No reply, and animal or no animal, Professor Emily Harris (emerita) realizes she’s angry after all. No, furious. Castro ate; Dressler ate; eventually Ellen will eat, too. She won’t be able to help herself. Em turns away and starts for the stairs.

The girl says, “It’s horrible, isn’t it?”

Em turns back, startled.

“When people won’t do what you want. It’s horrible, isn’t it? For you, I mean.” And the girl actually smiles!

Bitch, Emily thinks, and then what she would never in a billion years allow herself to say except in her diary: Stubborn black bitch!

Em says (gently), “It’s Thanksgiving, Ellen. Give thanks and eat.”

“Bring me a salad,” Ellen says. “No dressing. That I will eat.”

The nerve! Em thinks. As if I were a serving girl! As if I were her ladies’ maid!

She does something then she will later regret, because it gives away too much of herself. She takes the bottle of water from her apron pocket, raises it to her lips, and drinks. Then she pours the rest out over the railing.

The girl says nothing.

2

A day later.

Professor Rodney Harris (Life Sciences, emeritus) stands in front of the cell, cogitating. Ellen Craslow looks back at him, calm. Or so she seems. There are a couple of blisters on her lips now, there are pimples on her forehead, and the smooth cocoa loveliness of her skin has turned ashy. But her eyes—a startling green—are brilliant in their deepening sockets.
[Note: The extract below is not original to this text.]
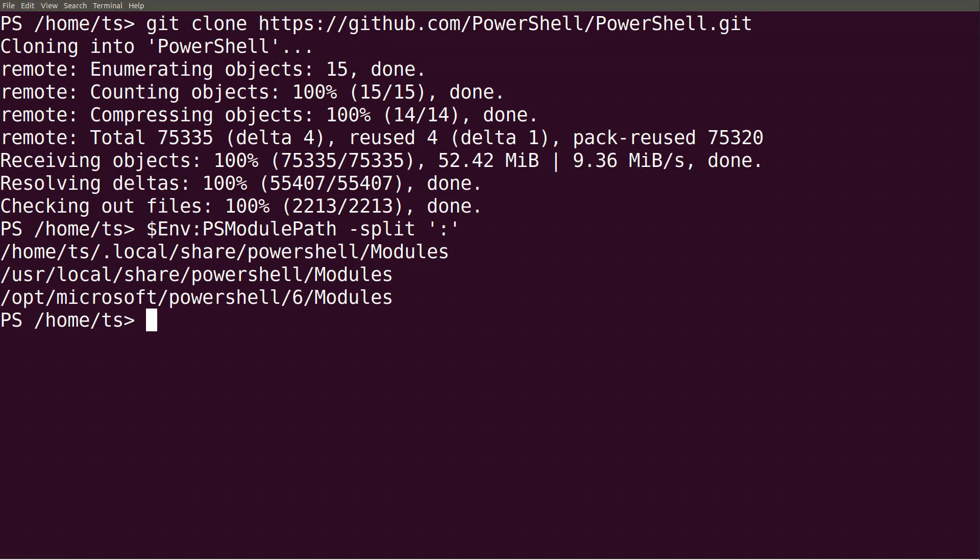To install the module, I simply copy the module folder to one of the folders referenced in my ps-module-path variable using the command copyitem.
Roddy is a respected biologist and nutritionist. Before his retirement he was a teacher sometimes revered and more often feared by his students. A bibliography of his published work would fill a dozen pages, and he still keeps up a lively correspondence in various journals with his peers. That he considers himself first among those peers doesn’t strike him as conceited. As someone wise once said, It ain’t bragging if it’s true.

He’s not angry at this girl the way Em is (she says she isn’t, but they have been married for over fifty years and he knows her better than she knows herself), but Ellen certainly perplexes him. She must have been disoriented when she woke up, the way the others were, they use a powerful drug to knock their subjects out, but she didn’t seem disoriented. If she was hungover—and she must have been that, too—she didn’t complain of it. She didn’t scream for help, as Cary Dressler did almost at once (must have made his headache that much worse, Roddy thinks) and as Jorge Castro had eventually. And of course she has refused to eat, although it’s been almost three days now, and over two since she finished off the last of the water she’s been allowed.

The liver Em brought down yesterday has darkened and begun to smell. It’s still edible but won’t be for much longer. Another few hours and she’d probably vomit it back up, which would make the whole thing pointless. Meanwhile, time is flicking past.

“If you don’t eat, my dear, you’ll starve,” he says in a mild voice his students of yore wouldn’t recognize; as a lecturer, Roddy had a tendency to be rapid, excitable, sometimes even shrill. When talking about the wonders of the stomach—serosa, pylorus, duodenum—his voice sometimes rose to a near scream.

Ellen says nothing.

“Your body has already begun to digest itself. It’s visible on your face, your arms, the way you stand, slightly slumped…”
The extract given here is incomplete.